*** INPUT DATA Section Begins ***

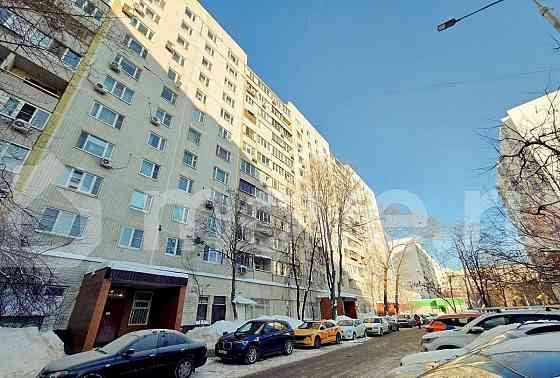 Студия, 13.1 м2, 1/12 эт. Москва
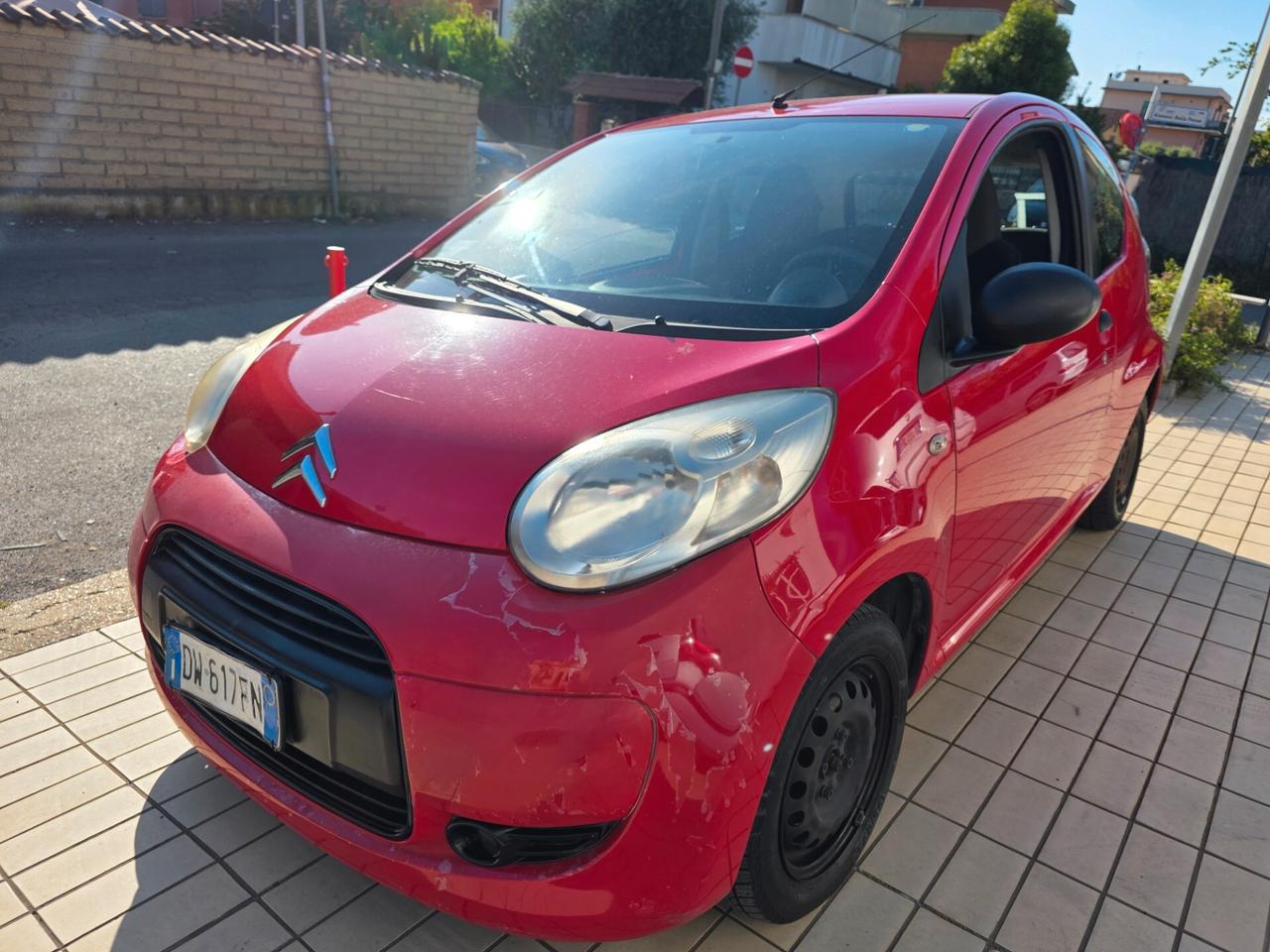 Citroen C1 1.0 3 porte airdream AMIC1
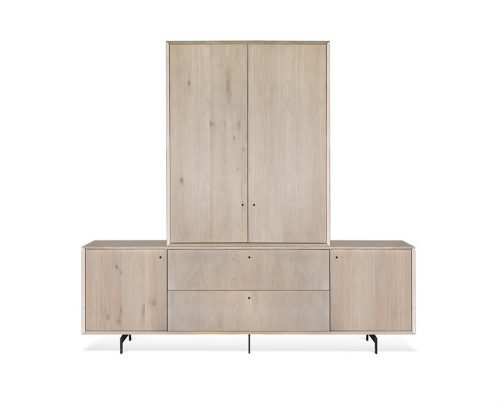 Hofstede Raanhuis wandkast Edge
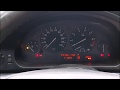 Ошибка ABS BMW E39 . Замена датчика ABS. УНИКАЛЬНЫЙ СПОСОБ!!!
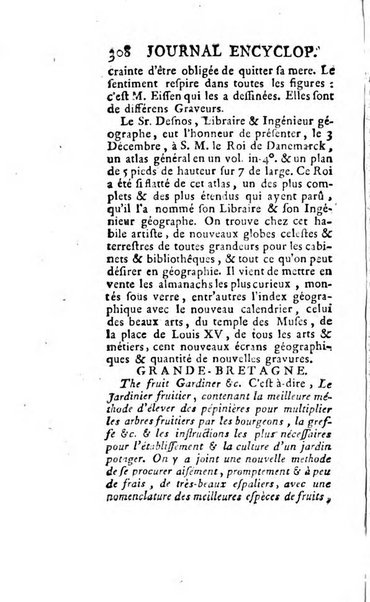 Journal encyclopédique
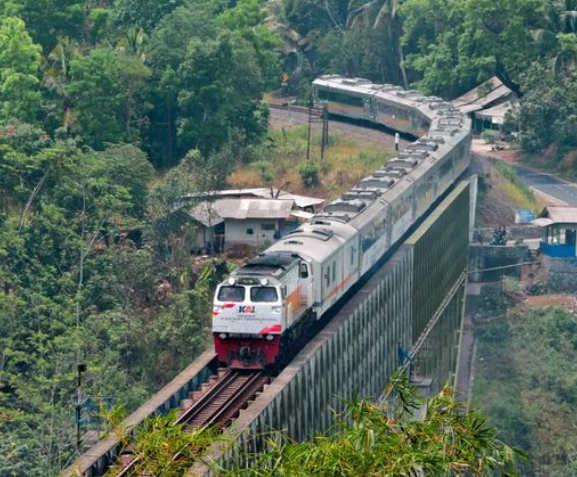 Naik Kereta Argo Wilis, Cek Harga dan Jadwal Kereta Nataru Bandung-Yogyakarta 23 Desember 2023!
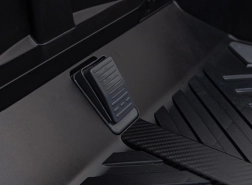 Off-road vozidlo UTV X3 oranžové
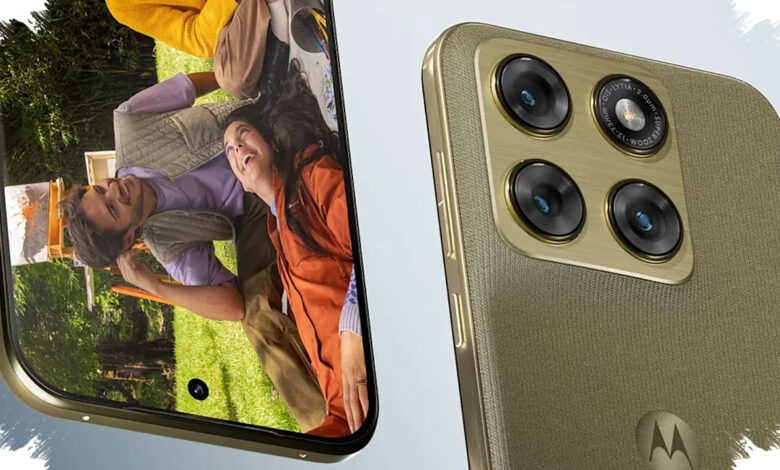 Ponsel Premium Motorola Ini Justru Memangkas Baterai dan Memori, Harga Naik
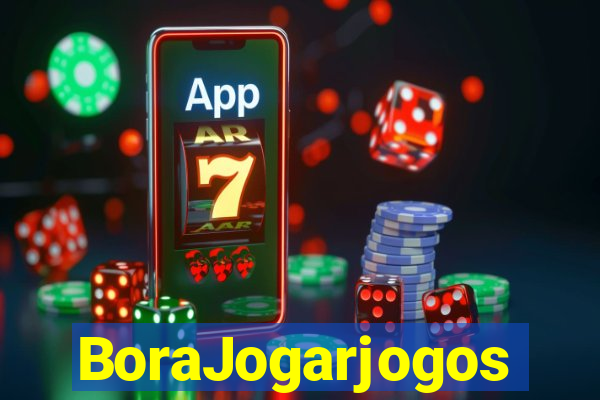 BoraJogarjogos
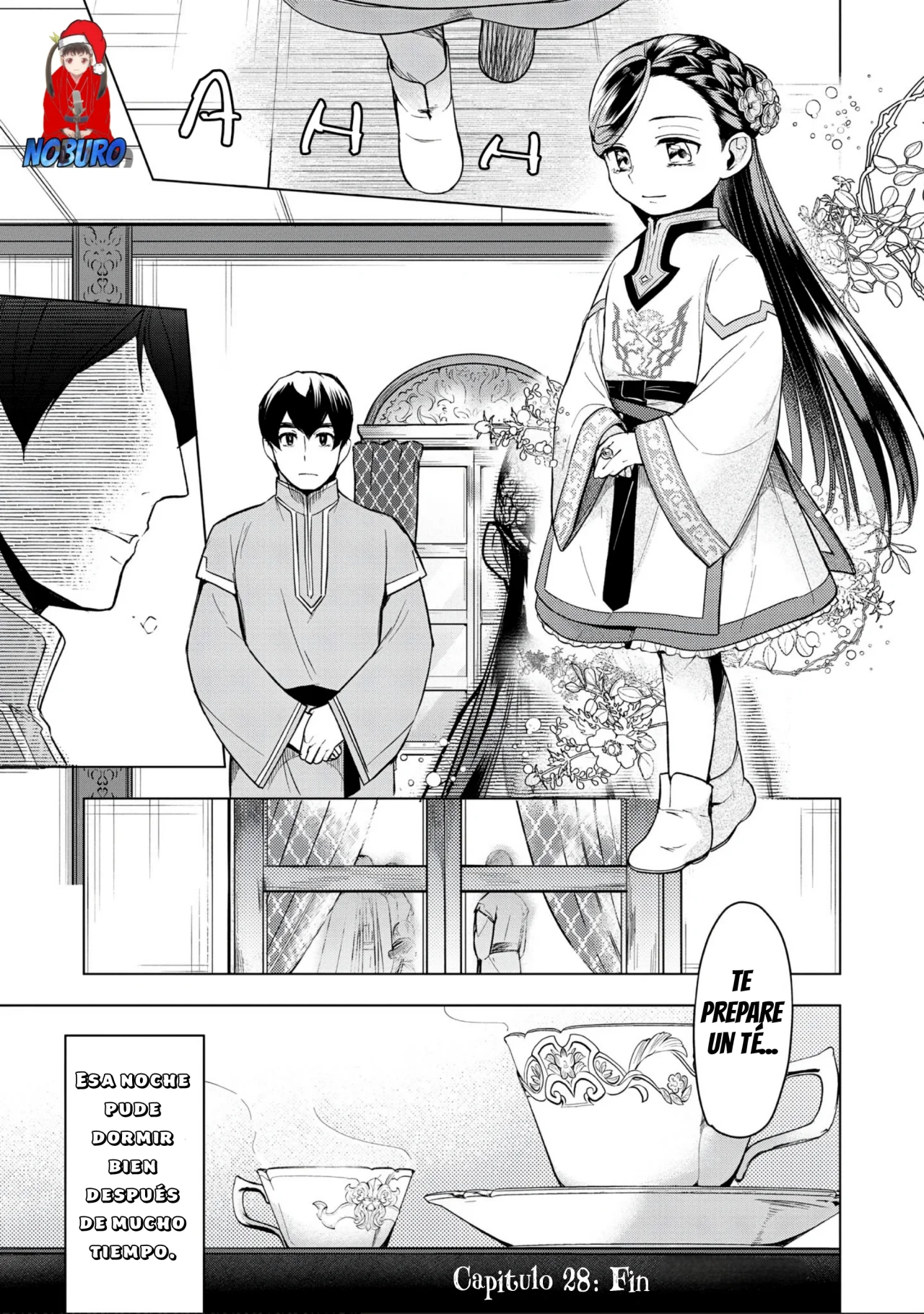 Página 26 del Manga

*** INPUT DATA Section Ends ***

* [TASK BRIEF]: What's needed is an exact copy of every entry, minus the pictures.

* [TASK SOLUTION]:
 Студия, 13.1 м2, 1/12 эт. Москва
 Citroen C1 1.0 3 porte airdream AMIC1
 Hofstede Raanhuis wandkast Edge
 Ошибка ABS BMW E39 . Замена датчика ABS. УНИКАЛЬНЫЙ СПОСОБ!!!
 Journal encyclopédique
 Naik Kereta Argo Wilis, Cek Harga dan Jadwal Kereta Nataru Bandung-Yogyakarta 23 Desember 2023!
 Off-road vozidlo UTV X3 oranžové
 Ponsel Premium Motorola Ini Justru Memangkas Baterai dan Memori, Harga Naik
 BoraJogarjogos
 Página 26 del Manga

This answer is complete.